WORK REQUIRED: Output each record exactly, excluding pictures.

SOURCE INFORMATION:
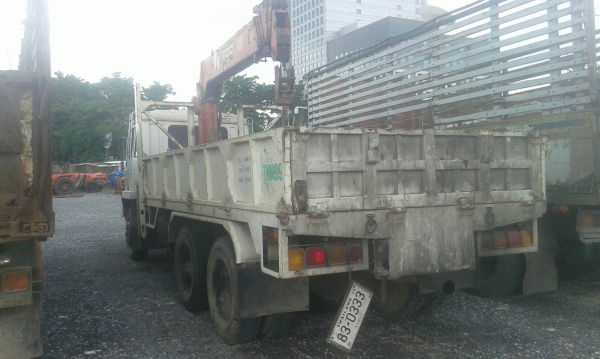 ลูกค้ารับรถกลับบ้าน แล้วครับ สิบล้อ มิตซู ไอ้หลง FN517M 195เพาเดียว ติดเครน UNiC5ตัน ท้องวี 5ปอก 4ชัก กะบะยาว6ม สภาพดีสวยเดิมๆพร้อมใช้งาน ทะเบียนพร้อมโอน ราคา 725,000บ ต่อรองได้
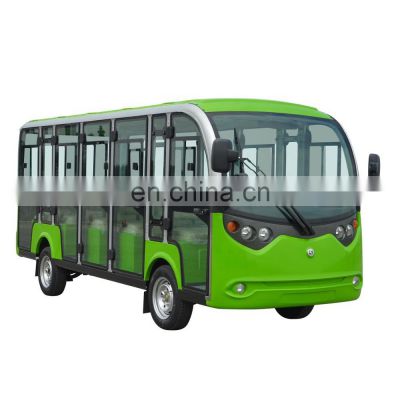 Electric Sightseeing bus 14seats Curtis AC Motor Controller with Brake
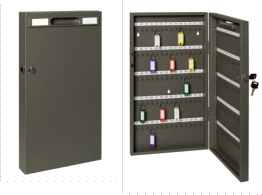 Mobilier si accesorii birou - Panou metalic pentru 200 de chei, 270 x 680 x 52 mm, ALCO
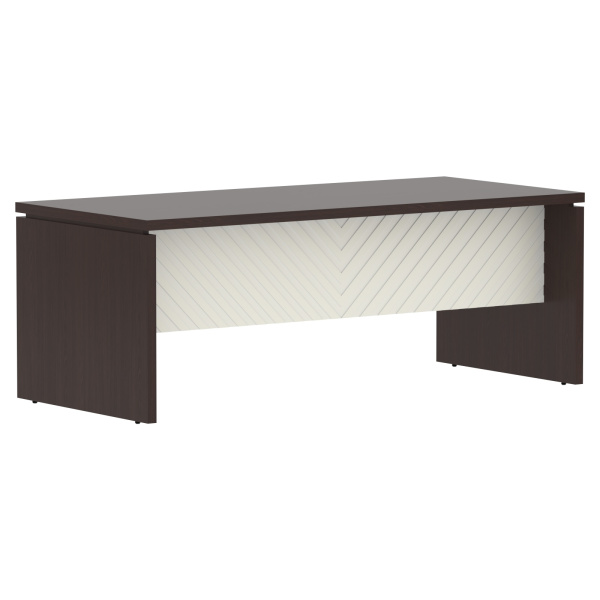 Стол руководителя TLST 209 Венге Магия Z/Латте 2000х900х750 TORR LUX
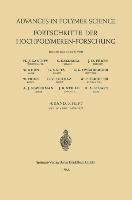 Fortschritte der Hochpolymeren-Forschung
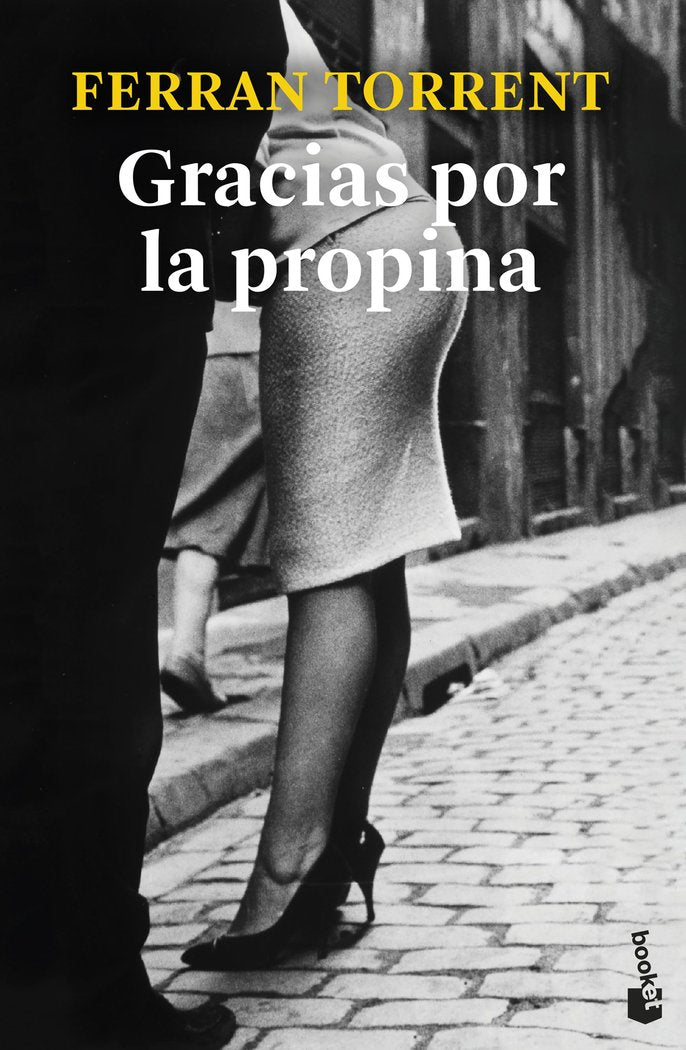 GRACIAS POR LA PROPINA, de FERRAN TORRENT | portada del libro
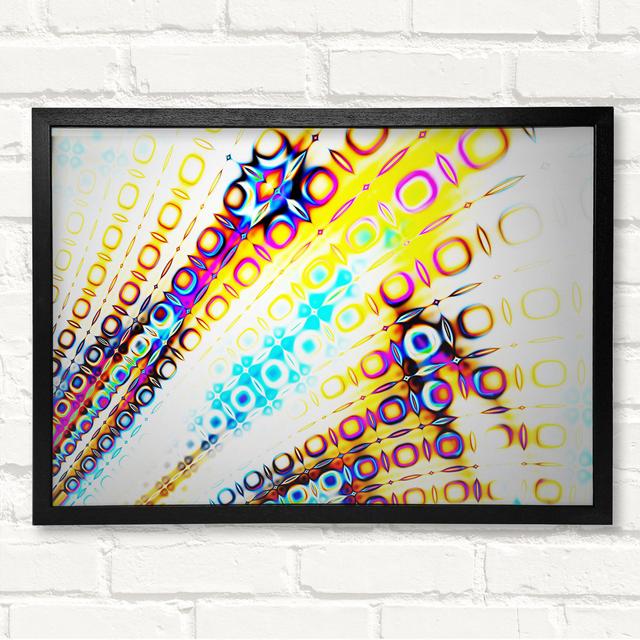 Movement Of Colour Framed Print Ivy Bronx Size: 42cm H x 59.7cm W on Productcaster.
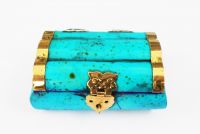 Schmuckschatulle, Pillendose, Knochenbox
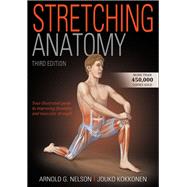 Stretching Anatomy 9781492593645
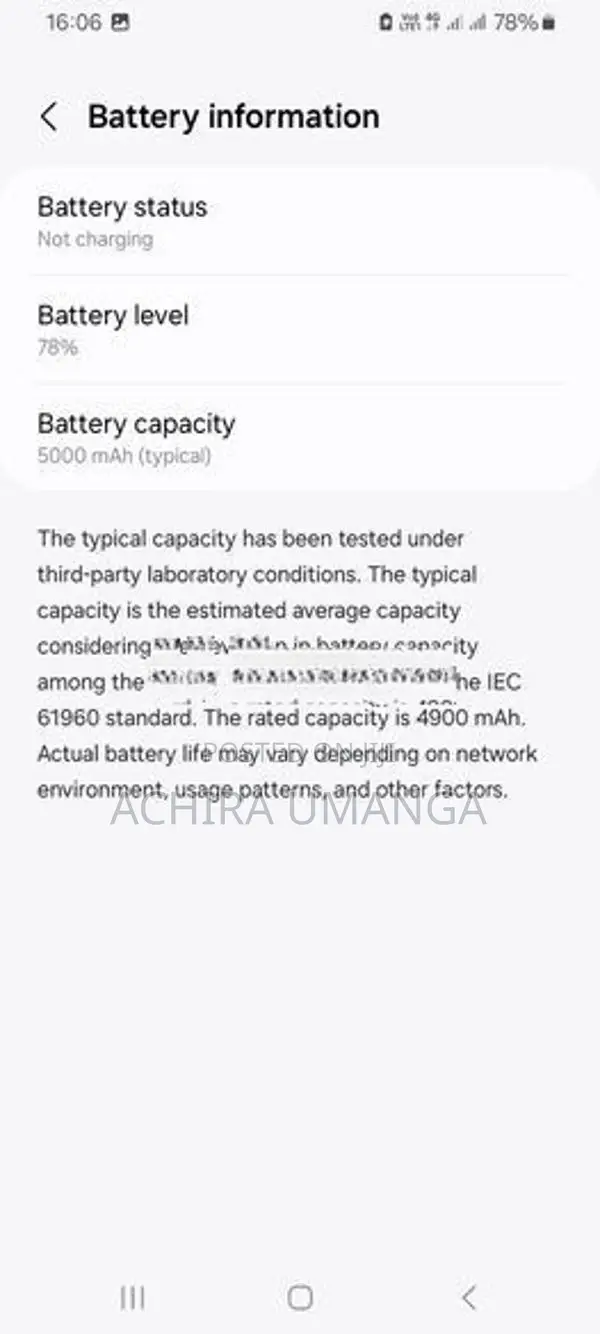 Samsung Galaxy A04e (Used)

YOUR RESPONSE:
 ลูกค้ารับรถกลับบ้าน แล้วครับ สิบล้อ มิตซู ไอ้หลง FN517M 195เพาเดียว ติดเครน UNiC5ตัน ท้องวี 5ปอก 4ชัก กะบะยาว6ม สภาพดีสวยเดิมๆพร้อมใช้งาน ทะเบียนพร้อมโอน ราคา 725,000บ ต่อรองได้
 Electric Sightseeing bus 14seats Curtis AC Motor Controller with Brake
 Mobilier si accesorii birou - Panou metalic pentru 200 de chei, 270 x 680 x 52 mm, ALCO
 Стол руководителя TLST 209 Венге Магия Z/Латте 2000х900х750 TORR LUX
 Fortschritte der Hochpolymeren-Forschung
 GRACIAS POR LA PROPINA, de FERRAN TORRENT | portada del libro
 Movement Of Colour Framed Print Ivy Bronx Size: 42cm H x 59.7cm W on Productcaster.
 Schmuckschatulle, Pillendose, Knochenbox
 Stretching Anatomy 9781492593645
 Samsung Galaxy A04e (Used)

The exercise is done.